> [EXERCISE DIRECTIONS]:
The lines below, from the one holding "Norwell Lida Glass" through the final line, are to be copied exactly, with no other lines and no pictures.

> [DATA]:

___

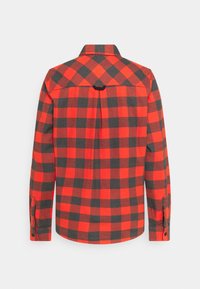 Red and black plaid flannel shirt, featuring long sleeves, buttoned cuffs, a pointed collar, and a pleat detail at the back.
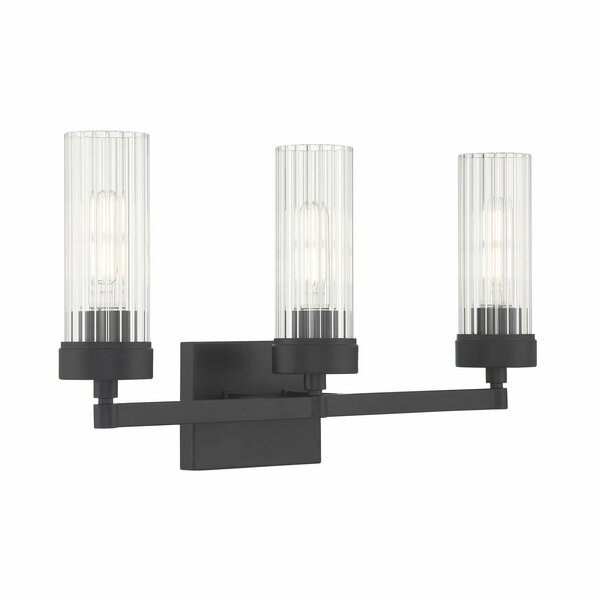 Norwell Lida Glass Bath Light - Matte Black 2613-MB-CL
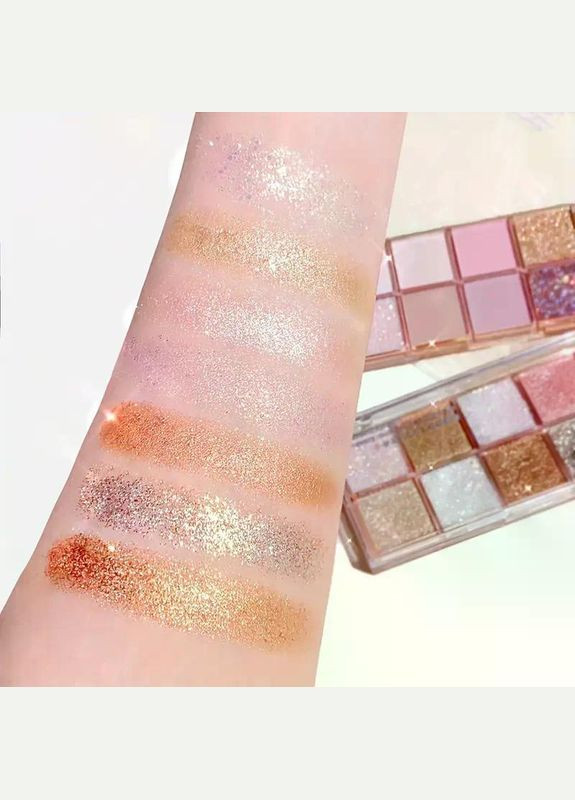 Палетка тіней для повік, 10 відтінків - матові та глітерні відтінки 01 China (346598320)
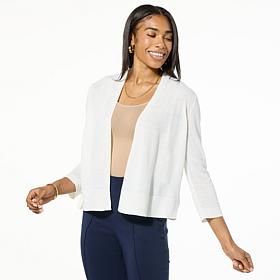 "As Is" Nina Leonard 3/4-Sleeve Sweater Knit Bolero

___

> [RESULT OF THE TASK]:
 Norwell Lida Glass Bath Light - Matte Black 2613-MB-CL
 Палетка тіней для повік, 10 відтінків - матові та глітерні відтінки 01 China (346598320)
 "As Is" Nina Leonard 3/4-Sleeve Sweater Knit Bolero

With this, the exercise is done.